Find the line holding "An electrician attaches" in the entries below. Give it again exactly, along with every line after it up to and including the line holding "kitchen with electric".

§ **PROVIDED ENTRIES**:
+ + + + +
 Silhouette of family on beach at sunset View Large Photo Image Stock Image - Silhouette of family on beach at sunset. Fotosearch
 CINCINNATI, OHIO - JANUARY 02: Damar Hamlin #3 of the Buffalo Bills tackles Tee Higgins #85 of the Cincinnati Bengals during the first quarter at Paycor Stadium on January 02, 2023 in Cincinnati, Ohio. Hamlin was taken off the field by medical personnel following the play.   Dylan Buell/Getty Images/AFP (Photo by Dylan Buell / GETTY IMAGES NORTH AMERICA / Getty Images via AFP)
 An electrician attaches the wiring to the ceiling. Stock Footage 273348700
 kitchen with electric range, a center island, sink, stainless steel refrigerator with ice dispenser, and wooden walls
+ + + + +
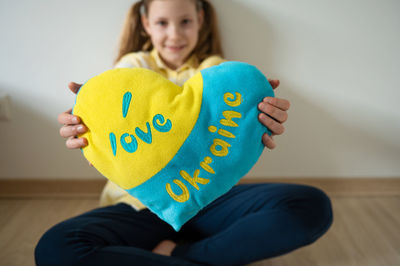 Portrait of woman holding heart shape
+ + + + +
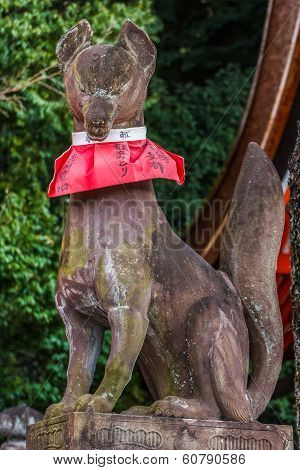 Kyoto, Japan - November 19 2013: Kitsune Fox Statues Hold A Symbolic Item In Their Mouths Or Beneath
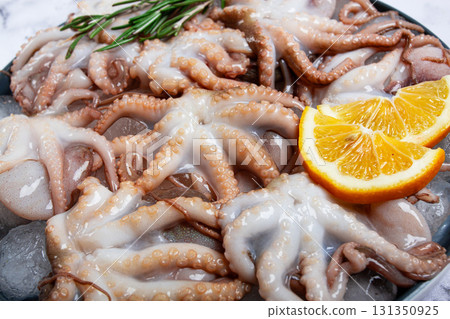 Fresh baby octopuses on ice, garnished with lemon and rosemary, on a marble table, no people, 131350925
+ + + + +
§ **ANSWER FOR THIS EXERCISE**:
 An electrician attaches the wiring to the ceiling. Stock Footage 273348700
 kitchen with electric range, a center island, sink, stainless steel refrigerator with ice dispenser, and wooden walls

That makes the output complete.